Buffets Inc. missed sales targets in September, triggering a default on a $280 million bankruptcy loan that has been funding the Eagan company's restructuring effort, court documents say.

Papers filed in the U.S. Bankruptcy Court in Wilmington, Del., don't say how badly Buffets missed its September sales goals. Buffets operates the Old Country Buffet and Ryan's restaurant chains.

The company said that lenders led by Credit Suisse First Boston Corp. have agreed to forgive Buffets for missing its September sales target, as long as the bankrupt restaurant chain agrees to an interest-rate increase on part of its $280 million bankruptcy loan. Moreover, the lenders are asking for additional fees, including some the company doesn't want to disclose.
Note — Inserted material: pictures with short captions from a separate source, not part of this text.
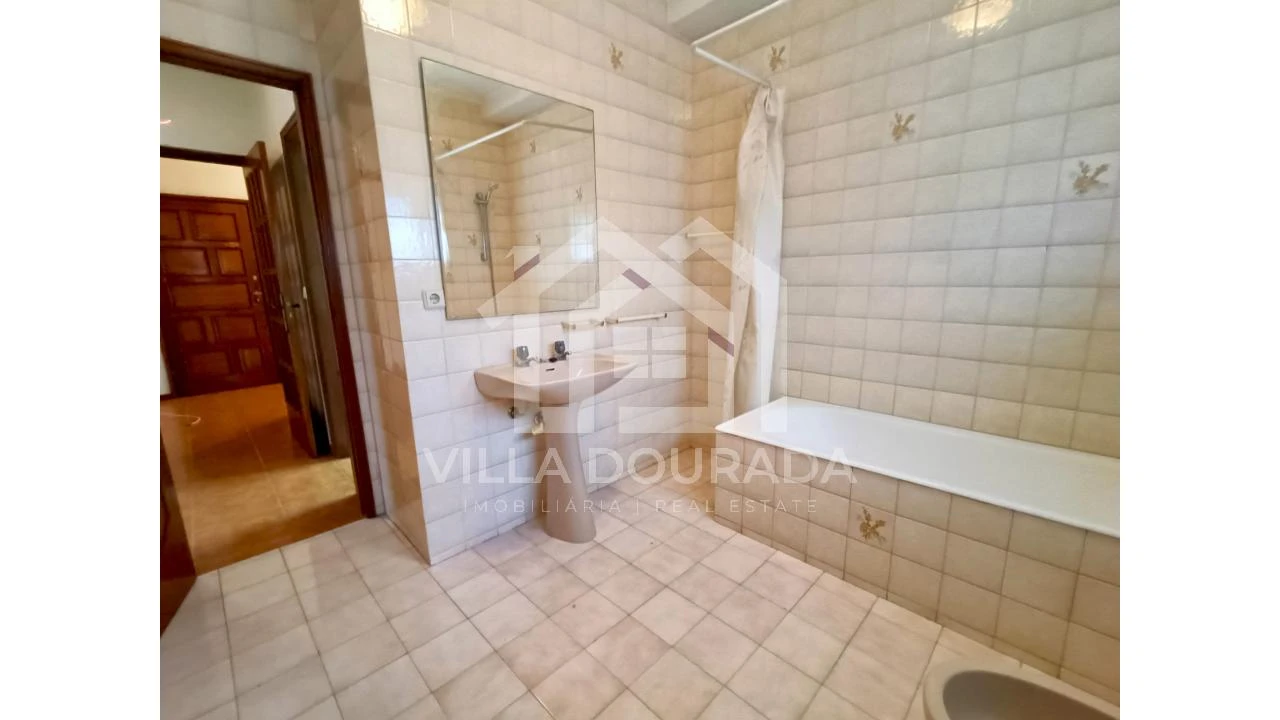 Apartamento T3 para Venda em Baguim do Monte (Rio Tinto) Foto 22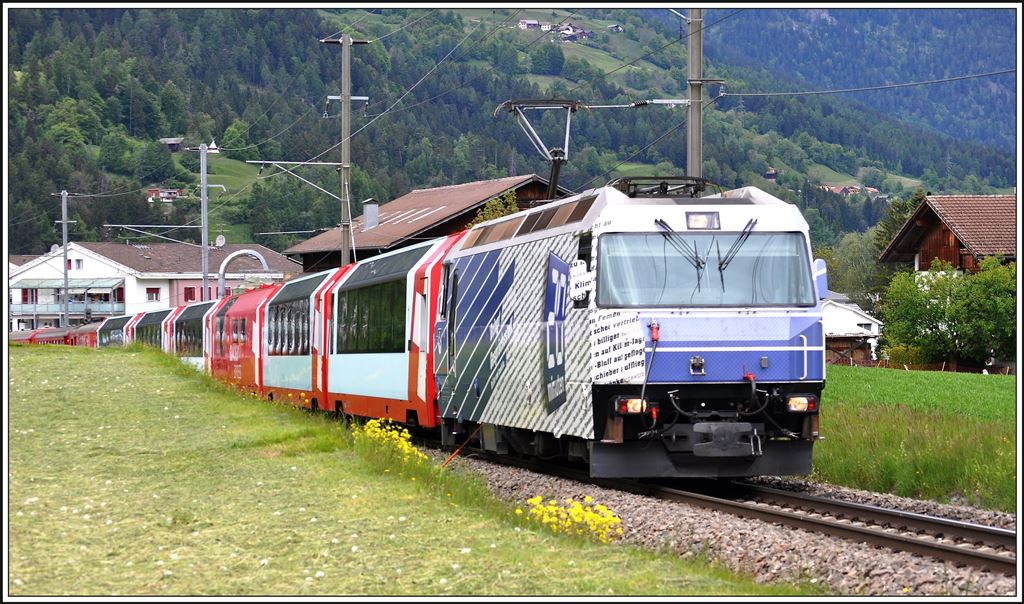 RE1145/GEX900 mit Ge 4/4 III 649  Lavin  in Cazis. (17.05.2014)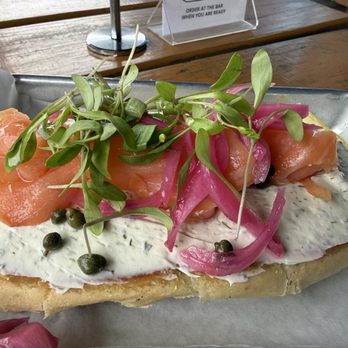 Midtown Spirits - Lox - Bars Near Me - Sacramento, California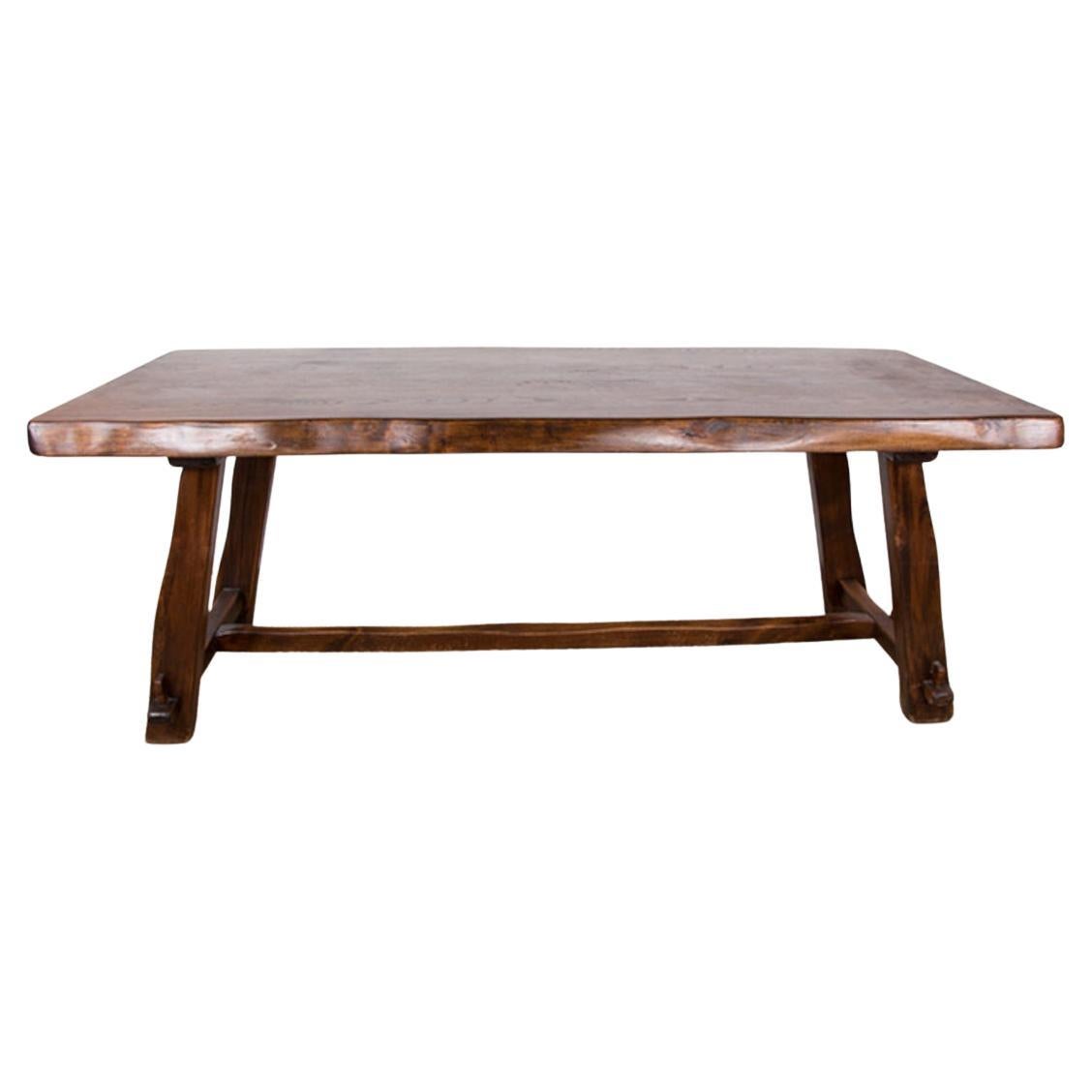Gran mesa de comedor de estilo brutalista en olmo macizo, estilo Olavi Hanninen, década de 1960.
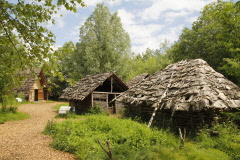 75 rekonstruierte, prhistorische Huser und Htten des Federseemuseums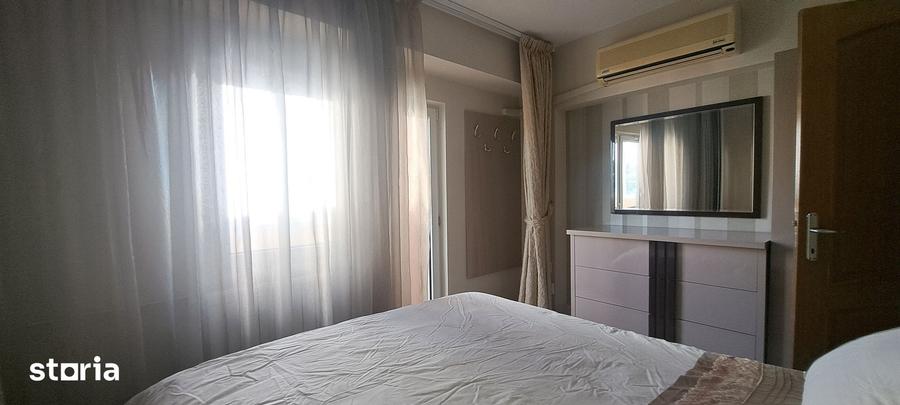 Apartament cu 3 camere decomandat în Tei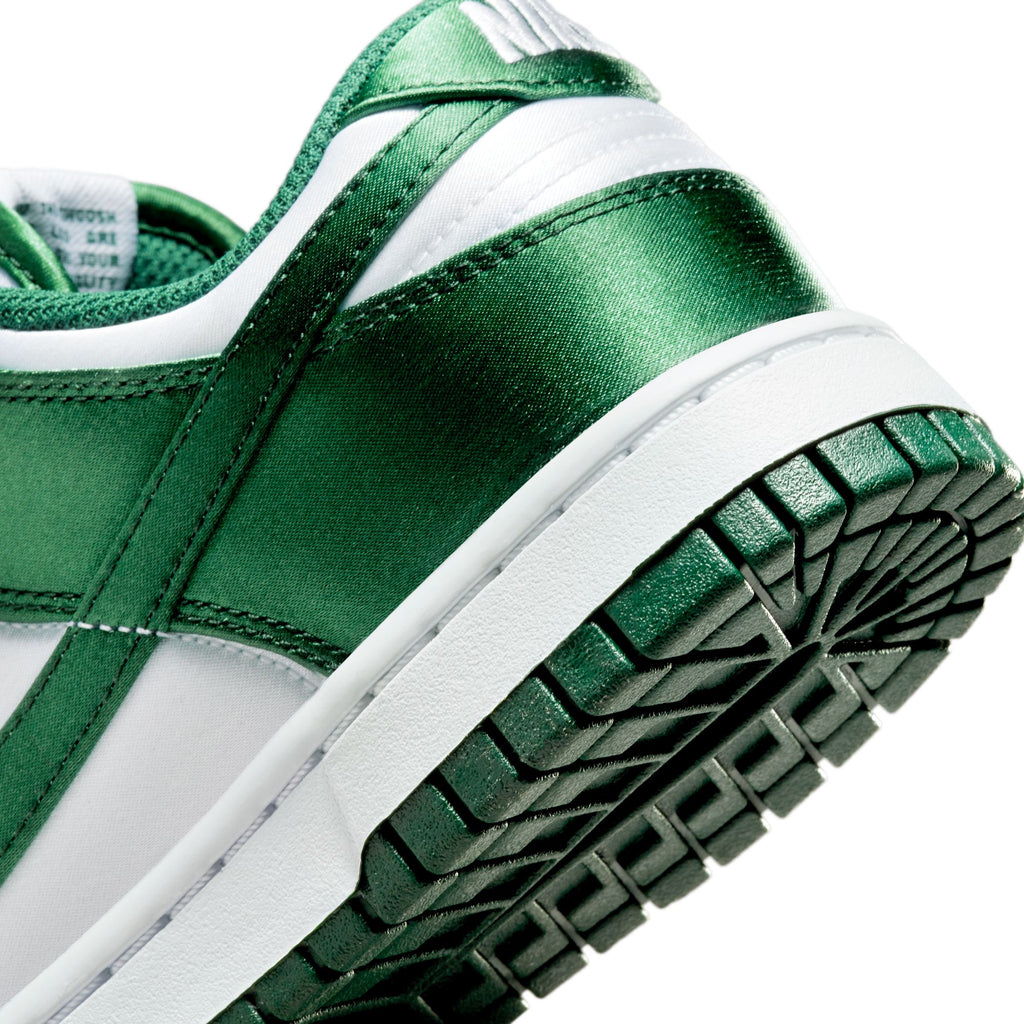 Dunk Low W - INVINCIBLE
If the company fails to agree to the revised financing terms, the banks "would be permitted to exercise their remedies against [Buffets] assets to the significant detriment of all ... creditors," Buffets' court documents say.

About $200 million of the bankruptcy loan consists of bank debt the company brought with it when it filed for Chapter 11 in January. The 1 percent interest-rate boost incorporated in the forbearance agreement applies to the $80 million "new money" portion of the loan.

Buffets is due in court Tuesday to seek permission to sign a forbearance pact with banks and pay the extra money.